Hal yang paling sangat membosankan semasa SD untukku ialah pelajaran olahraga. Aku merasa sangat tertinggal dipelajaran itu, hingga membuatku jadi sangat membencinya. Setiap ada pertandingan apapun, pasti timku kalah karena ulahku. Aku jadi sasaran tim lawan karena mereka menganggap aku paling lemah dan sangat mudah untuk dikalahkan.

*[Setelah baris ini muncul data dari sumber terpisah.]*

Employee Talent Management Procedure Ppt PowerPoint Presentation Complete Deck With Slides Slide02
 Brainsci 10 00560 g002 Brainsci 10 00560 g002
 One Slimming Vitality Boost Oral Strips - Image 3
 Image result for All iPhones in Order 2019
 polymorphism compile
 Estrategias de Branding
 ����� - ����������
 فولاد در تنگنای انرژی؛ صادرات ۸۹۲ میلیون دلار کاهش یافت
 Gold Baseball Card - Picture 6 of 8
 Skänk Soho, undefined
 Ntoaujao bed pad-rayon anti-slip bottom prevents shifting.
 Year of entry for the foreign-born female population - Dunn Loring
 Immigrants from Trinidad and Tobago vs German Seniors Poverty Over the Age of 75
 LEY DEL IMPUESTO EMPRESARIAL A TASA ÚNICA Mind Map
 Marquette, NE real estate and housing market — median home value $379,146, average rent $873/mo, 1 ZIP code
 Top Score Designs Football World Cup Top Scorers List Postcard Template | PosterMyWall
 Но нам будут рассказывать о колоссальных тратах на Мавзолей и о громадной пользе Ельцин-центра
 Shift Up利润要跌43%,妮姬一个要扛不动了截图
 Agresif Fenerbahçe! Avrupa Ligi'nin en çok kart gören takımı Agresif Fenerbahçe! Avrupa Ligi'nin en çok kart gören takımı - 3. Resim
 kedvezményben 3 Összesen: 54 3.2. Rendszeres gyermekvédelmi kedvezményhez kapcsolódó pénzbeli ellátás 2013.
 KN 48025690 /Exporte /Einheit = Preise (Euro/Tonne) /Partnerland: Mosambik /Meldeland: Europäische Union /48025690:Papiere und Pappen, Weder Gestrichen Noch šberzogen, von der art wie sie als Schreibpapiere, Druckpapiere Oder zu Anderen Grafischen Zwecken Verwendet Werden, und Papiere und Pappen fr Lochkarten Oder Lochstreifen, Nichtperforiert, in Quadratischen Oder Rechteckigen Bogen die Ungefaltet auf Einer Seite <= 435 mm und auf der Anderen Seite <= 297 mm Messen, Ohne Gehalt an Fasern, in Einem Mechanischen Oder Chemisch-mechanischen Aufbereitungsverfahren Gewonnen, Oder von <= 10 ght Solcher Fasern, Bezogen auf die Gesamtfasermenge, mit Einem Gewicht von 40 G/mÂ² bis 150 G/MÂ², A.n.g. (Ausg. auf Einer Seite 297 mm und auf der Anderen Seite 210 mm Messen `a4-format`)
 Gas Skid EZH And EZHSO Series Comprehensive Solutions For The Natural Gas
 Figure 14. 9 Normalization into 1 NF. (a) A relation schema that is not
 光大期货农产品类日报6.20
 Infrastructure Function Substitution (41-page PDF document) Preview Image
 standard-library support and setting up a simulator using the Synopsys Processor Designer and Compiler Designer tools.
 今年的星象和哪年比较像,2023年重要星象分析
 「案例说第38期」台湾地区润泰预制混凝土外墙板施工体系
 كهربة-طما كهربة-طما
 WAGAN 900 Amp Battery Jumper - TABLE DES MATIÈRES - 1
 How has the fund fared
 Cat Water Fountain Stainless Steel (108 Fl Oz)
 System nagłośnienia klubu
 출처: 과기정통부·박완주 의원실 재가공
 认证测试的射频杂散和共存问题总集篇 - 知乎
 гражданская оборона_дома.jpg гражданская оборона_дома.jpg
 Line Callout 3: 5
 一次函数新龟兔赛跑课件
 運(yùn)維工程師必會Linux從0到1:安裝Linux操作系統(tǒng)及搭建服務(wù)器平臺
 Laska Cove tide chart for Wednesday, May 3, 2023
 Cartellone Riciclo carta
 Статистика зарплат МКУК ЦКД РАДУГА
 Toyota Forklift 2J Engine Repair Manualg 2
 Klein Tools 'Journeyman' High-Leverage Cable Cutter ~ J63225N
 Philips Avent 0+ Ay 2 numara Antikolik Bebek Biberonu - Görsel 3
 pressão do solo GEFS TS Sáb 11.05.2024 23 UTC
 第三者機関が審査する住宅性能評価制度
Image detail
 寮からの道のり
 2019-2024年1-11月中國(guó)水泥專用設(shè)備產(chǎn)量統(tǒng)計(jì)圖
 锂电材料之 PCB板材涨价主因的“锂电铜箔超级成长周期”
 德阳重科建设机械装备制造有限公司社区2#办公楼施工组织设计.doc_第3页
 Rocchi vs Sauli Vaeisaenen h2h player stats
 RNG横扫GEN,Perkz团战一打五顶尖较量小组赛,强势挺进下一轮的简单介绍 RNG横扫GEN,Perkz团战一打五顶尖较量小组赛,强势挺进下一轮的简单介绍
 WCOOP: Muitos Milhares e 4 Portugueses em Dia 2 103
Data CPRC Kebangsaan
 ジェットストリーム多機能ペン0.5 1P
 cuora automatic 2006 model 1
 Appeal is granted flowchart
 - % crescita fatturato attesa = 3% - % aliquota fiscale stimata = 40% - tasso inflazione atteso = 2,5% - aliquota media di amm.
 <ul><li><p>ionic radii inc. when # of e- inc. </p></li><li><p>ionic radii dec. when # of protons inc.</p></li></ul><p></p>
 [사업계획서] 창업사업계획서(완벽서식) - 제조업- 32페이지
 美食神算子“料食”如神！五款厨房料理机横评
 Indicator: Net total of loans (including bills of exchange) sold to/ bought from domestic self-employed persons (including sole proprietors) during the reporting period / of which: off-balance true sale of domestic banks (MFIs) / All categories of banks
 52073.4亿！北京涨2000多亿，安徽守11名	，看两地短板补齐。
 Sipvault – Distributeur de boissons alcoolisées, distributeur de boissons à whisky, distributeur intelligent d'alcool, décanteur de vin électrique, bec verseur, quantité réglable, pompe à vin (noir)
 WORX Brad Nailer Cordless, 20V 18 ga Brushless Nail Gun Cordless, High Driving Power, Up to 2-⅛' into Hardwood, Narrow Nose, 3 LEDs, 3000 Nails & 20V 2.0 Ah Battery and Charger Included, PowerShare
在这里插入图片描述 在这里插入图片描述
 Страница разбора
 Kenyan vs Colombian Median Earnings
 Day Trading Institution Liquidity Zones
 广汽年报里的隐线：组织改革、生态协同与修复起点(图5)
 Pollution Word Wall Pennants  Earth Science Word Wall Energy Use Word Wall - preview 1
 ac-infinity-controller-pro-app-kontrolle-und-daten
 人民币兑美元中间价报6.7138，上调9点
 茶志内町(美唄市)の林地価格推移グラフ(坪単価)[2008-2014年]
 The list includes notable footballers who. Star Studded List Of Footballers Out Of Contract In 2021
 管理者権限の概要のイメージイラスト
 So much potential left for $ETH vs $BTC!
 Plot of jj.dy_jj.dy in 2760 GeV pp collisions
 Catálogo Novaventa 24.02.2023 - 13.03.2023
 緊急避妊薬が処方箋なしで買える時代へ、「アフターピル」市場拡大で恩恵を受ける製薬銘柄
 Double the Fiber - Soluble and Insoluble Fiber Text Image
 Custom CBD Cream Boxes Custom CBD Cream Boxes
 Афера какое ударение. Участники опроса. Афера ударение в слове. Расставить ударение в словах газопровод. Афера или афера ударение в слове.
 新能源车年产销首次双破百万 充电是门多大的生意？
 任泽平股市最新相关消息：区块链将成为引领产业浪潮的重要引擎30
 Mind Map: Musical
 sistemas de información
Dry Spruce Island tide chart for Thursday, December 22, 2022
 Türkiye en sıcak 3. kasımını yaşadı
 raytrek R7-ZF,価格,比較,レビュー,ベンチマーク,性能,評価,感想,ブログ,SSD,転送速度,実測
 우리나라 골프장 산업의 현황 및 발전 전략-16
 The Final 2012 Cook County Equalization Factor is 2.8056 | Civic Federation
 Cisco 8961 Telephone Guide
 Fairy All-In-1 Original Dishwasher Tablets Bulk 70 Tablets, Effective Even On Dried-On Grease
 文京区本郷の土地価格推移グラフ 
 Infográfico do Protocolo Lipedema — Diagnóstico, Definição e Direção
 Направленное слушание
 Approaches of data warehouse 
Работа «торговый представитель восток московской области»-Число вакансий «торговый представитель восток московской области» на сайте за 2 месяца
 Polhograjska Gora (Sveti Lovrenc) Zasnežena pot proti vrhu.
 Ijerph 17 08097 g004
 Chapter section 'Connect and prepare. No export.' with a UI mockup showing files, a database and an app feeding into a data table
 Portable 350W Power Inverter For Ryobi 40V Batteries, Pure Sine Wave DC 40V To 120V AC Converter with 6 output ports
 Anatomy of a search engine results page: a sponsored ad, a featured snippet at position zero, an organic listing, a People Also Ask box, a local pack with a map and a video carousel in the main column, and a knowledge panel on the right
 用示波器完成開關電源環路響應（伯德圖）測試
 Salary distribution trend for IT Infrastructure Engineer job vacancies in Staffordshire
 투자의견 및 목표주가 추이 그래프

Memasuki SMP, kurasa masih belum ada perubahan. Aku menjadi lebih pendiam. Namun, puji syukur kepada Allah SWT nilai akademisku meningkat. Di Kelas 7, diantara yang lainnya aku adalah anak perempuan yang memakai hijab, waktu itu yang berkerudung masih terbilang minoritas. Aku merasa jadi kaum yang tidak sefrekuensi dengan teman-teman lainnya. Rasanya sangat terintimidasi sekali. Aku dikenal sebagai siswi yang berimage baik, tak ada yang berani mengusiliku. Hanya saja aku tampaknya tak memiliki teman karena sifat pendiamku ini. Aku duduk di meja paling depan dekat papan tulis, barisan kedua dari meja guru. Sendiri, benar-benar duduk sendiri. Tak ada yang mengajakku mengobrol, aku bingung harus melakukan apa. Lama kelamaan, teman di belakangku usil. Namanya Nefhia, dia merupakan wanita berhijab namun sangatlah ekstrovert. Dia selalu membulyku, aku selalu disakiti olehnya. Dia caper ke semua teman dan guru-guru. Lama kelamaan sifatnya mulai menampakkan aslinya. Dia membuka hijab yang selama ini dia pakai. Lalu temen-teman yang satu geng dengannya juga jadi risih akan sifatnya, lambat laun mereka pun mulai membicarakannya di belakang. Aku hanya jadi penonton yang tak mau ikut campur urusan mereka, namun aku sekaligus jadi saksi akan semua yang mereka lakukan.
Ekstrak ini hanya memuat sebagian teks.